By Cindy Eastman
Just this week, I happily bounced out of a Sutherlin, Oregon beauty shop with a fresh haircut. I’ve learned that in these uncertain times, we can’t always count on a beauty shop being open. The cost was far less than I was expecting, too. In my imagination, which works very well, I assumed they had given me a “welcome back, customer” discount or even a “good-looking discount” since I haven’t been in for a while. But about halfway down the street, I realized with great dismay, that they had given me the senior citizen discount!
Twenty-five Cents: Are You Kidding Me?
How dare they, I thought – don’t I still look youthful? They just assumed I qualified for this honorable discount by looking at me. I can’t imagine. It reminded me of an experience I had just a few short years ago in Hillsboro. I recall distinctly that the 25-cent discount was not worth the blow to my ego. I was in a McDonald’s drive-through ordering a coffee only. When I pulled up to the window, I swear the young man reeled backward and exclaimed, “Oh, my, next time, tell us you’re a senior so you can get your discount!” He reeled back so far, the counter top hit him in the buttocks. If I’d had my way, I would have hit him somewhere above that. But I sat sweetly in my car with my hands folded (like a good senior would do) and waited for him to calculate my discount. It was a 25-cent savings. Not worth it. I would have paid a whole dollar for that coffee and driven off still thinking I look 40 if I’d had my way.
Better with Age
Since then and still, now, I’m being forced to process what it is to look older to other people. I’ve had to struggle with my sensitive ego and know that I’m not automatically included in younger people’s activities. It’s a process and I will get through it, but it’s too bad because really, I’m a lot more fun today than I was 30 years ago.

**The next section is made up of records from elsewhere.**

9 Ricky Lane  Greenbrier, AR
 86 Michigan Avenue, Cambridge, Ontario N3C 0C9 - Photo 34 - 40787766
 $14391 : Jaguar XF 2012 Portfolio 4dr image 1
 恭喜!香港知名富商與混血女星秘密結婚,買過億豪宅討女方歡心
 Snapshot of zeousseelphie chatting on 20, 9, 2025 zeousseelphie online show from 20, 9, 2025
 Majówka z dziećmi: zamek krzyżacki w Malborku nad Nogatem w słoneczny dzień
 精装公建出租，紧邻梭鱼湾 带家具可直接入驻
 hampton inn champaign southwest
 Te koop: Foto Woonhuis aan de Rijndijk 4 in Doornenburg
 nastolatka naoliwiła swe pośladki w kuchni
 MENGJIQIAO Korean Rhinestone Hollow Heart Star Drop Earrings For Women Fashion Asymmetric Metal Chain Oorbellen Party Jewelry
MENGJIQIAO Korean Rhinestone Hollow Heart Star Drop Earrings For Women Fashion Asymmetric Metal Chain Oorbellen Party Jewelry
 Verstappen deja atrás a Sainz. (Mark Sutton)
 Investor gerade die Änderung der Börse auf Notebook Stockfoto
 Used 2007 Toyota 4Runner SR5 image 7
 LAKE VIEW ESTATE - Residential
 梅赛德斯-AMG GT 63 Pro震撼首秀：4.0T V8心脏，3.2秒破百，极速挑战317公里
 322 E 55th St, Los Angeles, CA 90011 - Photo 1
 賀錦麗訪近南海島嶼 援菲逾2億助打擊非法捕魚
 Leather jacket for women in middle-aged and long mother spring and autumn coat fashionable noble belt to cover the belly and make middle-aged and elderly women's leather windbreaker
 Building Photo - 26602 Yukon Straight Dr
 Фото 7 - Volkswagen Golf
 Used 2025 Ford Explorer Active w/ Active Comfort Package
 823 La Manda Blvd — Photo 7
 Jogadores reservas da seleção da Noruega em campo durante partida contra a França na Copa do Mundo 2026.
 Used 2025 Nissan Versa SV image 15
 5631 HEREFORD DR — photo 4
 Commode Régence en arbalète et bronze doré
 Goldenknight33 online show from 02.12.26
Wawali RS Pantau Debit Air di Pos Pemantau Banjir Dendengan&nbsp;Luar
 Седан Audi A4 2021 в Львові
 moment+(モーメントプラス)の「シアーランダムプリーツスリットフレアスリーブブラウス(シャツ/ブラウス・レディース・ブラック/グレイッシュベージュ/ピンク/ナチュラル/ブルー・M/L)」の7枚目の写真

Thirty years ago, I worried a lot more and had difficult challenges in my life. Today, thanks to the wisdom that comes with aging, I’m happier in spirit, much smarter, and much more accepting of myself and others than I was at 30. I can usually keep up, too, both physically and mentally in nearly everything. I just went hiking with a 24-year-old and the steep hills were tough because I’m in need of a new knee (equivalent to a midlife tire change) , but I still kept up. I solved that problem by ordering hiking poles for the next hike. I’m a problem solver – another positive point of getting older. So, I’ll learn to accept that thanks to wrinkles and other tell-tale signs of aging, I’m going to receive that discount from this day forward. I just wish it were more than a silly old quarter.